Black-white stripes zigzag.
Rumps rub
and
muzzles nuzzle.
A zebra colt thrusts its nose
up under its mother’s belly
but she eases away
yawning, teeth bared
braying like a farmer’s donkey.
Funny creatures these
pot-bellied, round-ribboned
equines, tossing their heads
and playfully nudging each other,
their patterns merging and
twining and flowing together
like endless parallels, circles,
lines that converge, then break apart
as a signal sends them all running
quick-footed into the brush
into the wavy grass as tall as
their shiny black-and-white zigzagging stripes.

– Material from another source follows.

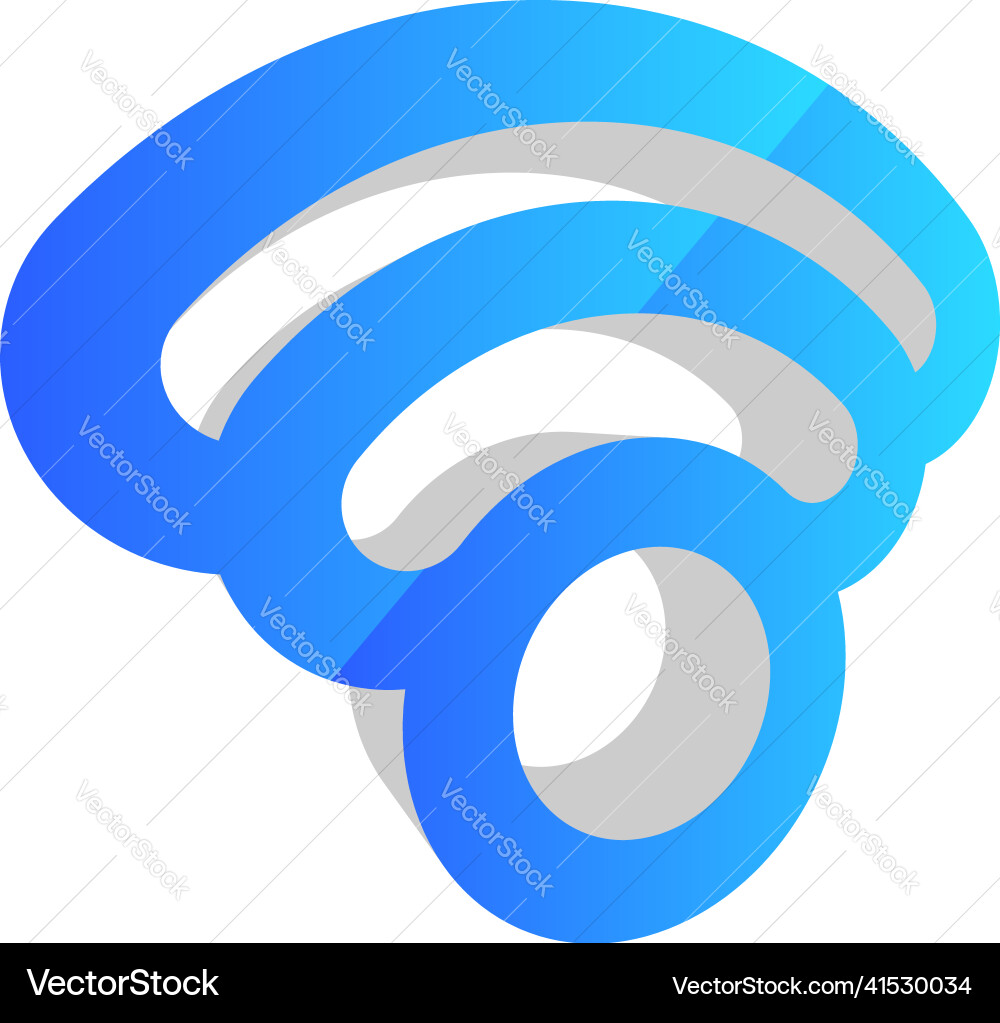 Wireless cordless signal internet wifi shape icon Wireless cordless signal internet wifi shape icon vector image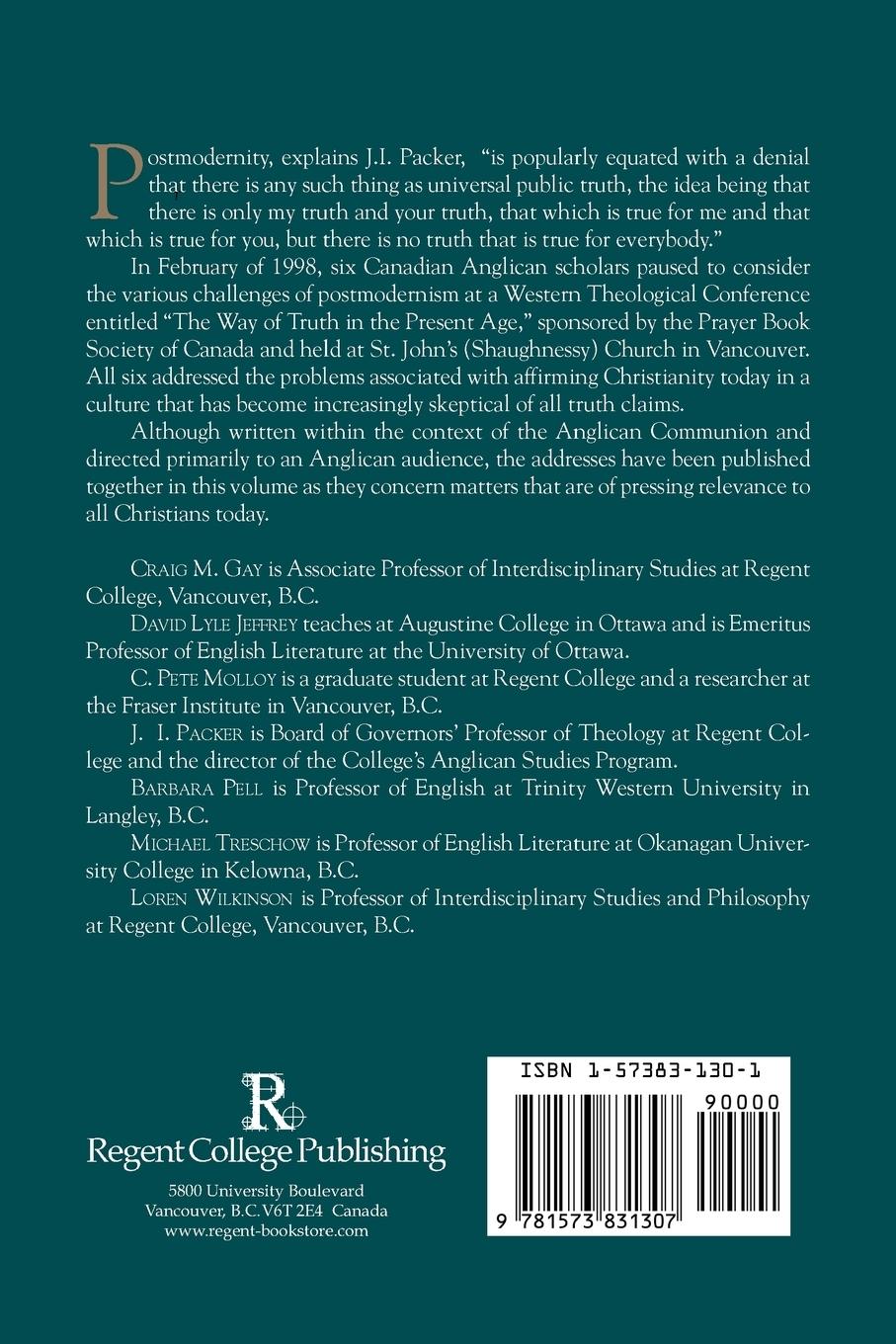 Rückseitencover The Way of Truth in the Present Age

Slender necks bend and stretch, reaching for the trees.
Large, feminine lips snip tender leaves.
Twitching ears and mottled heads, manila and black,
dip gracefully, bodies swaying as they walk.
They reach the water, bend, and splay their legs,
rubber-limbed like Chinese acrobats,
to balance, towering over impala, nyala and
pudgy warthogs that move aside to let them drink.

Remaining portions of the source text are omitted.